Published 19 January 2012

'An absorbing portrait of an extinct type of Englishman.' Sunday Times

'A scintillating, pointillist portrait of the beginnings of a career and a marriage.' Times

Harold Nicolson - great diplomat, diarist and raconteur - moved in numerous worlds and knew an extraordinary number of distinguished people. This, the first volume of James Lee-Milne's superb two-part biography, traces the life through Nicolson's nomadic childhood in Budapest, Tehran, Constantinople and Bulgaria, his education at Wellington and Balliol, his independent travels in Europe, his early diplomatic service in Spain, his stormy courtship of and marriage to Vita Sackville-West, and his service to the Foreign Office during the Great War. Subsequently he worked in Paris and there encountered Cocteau, Gide and Proust while also embarking on his own literary career. This volume carries the story up to 1929 when Nicolson joined the staff of the Evening Standard.

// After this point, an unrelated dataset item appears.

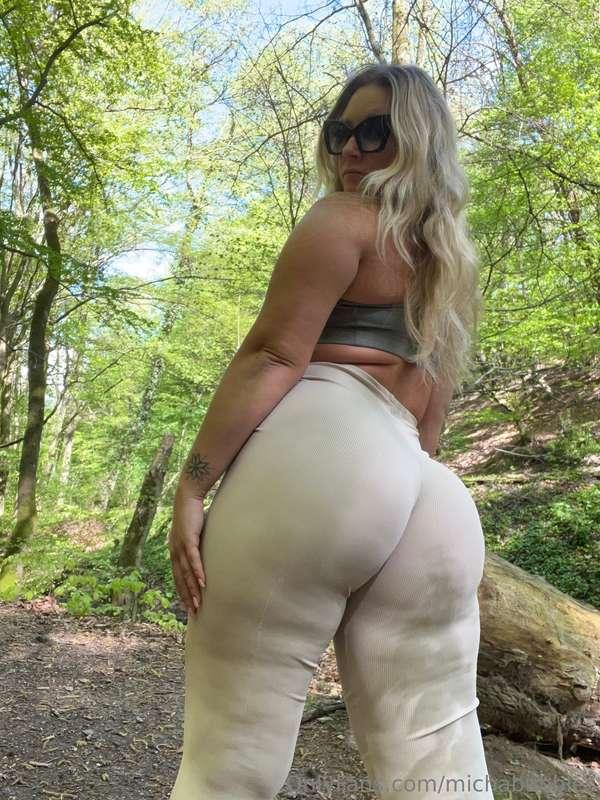 Would you go hiking with me? 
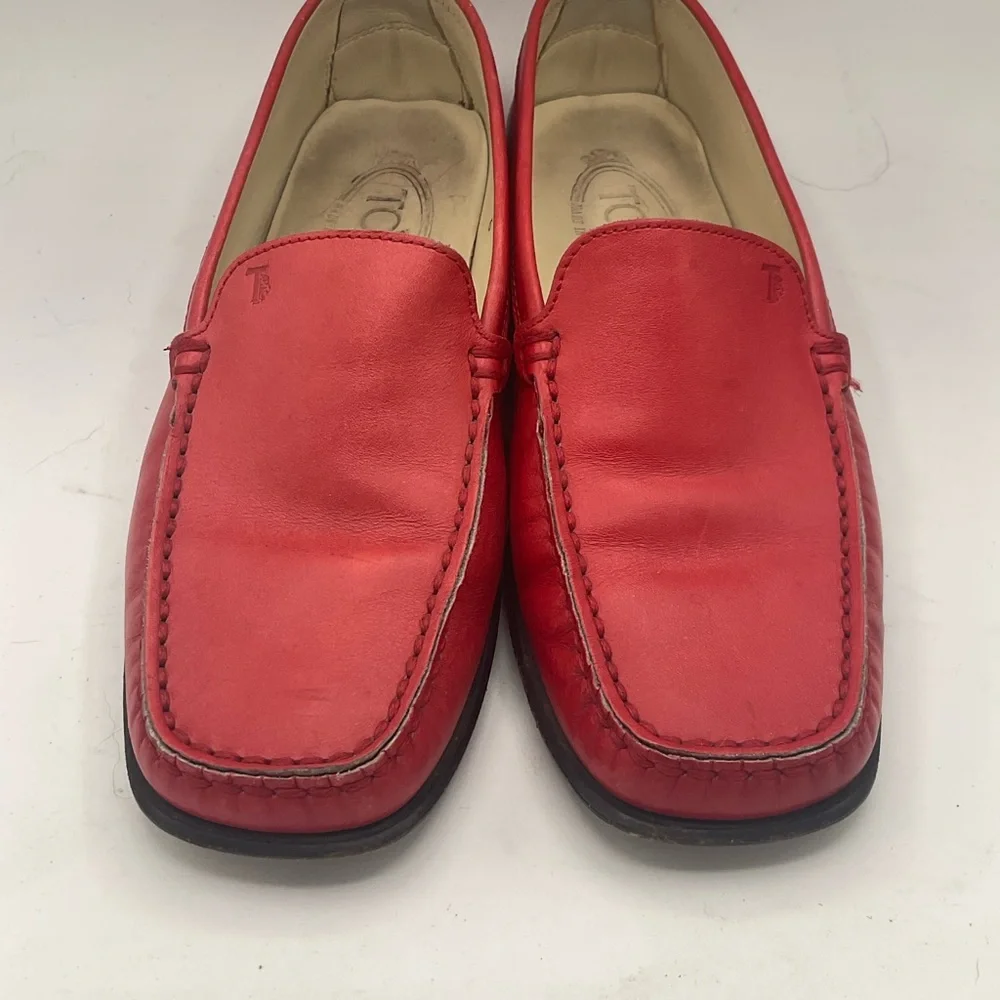 “TOD’S” GOMMINO Red Leather Slip On Driving Style Studded Detail Loafer. - Picture 3 of 16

Harold Nicolson: Volume II

by James Lees-Milne

Published 16 February 2012
This second volume of James Lees-Milne's masterly biography opens at a turning point in Harold Nicolson's life: he was miserable at the Evening Standard and disillusioned with Mosley's New Party but his move to Sissinghurst, where he and his wife would design one of the most beautiful gardens in England, offered a fresh start. Thereafter he became increasingly involved in politics (spending ten years as National Labour Party MP, close to the heart of government during the worst months of the war.) After the war he turned royal biographer, writing the life of George V, two books on manners and a study of his hero, Sainte-Beuve. Thus James Lee-Milne, drawing on mostly unpublished letters and diaries, completes this vivid study of a man of uncommon talents and energies.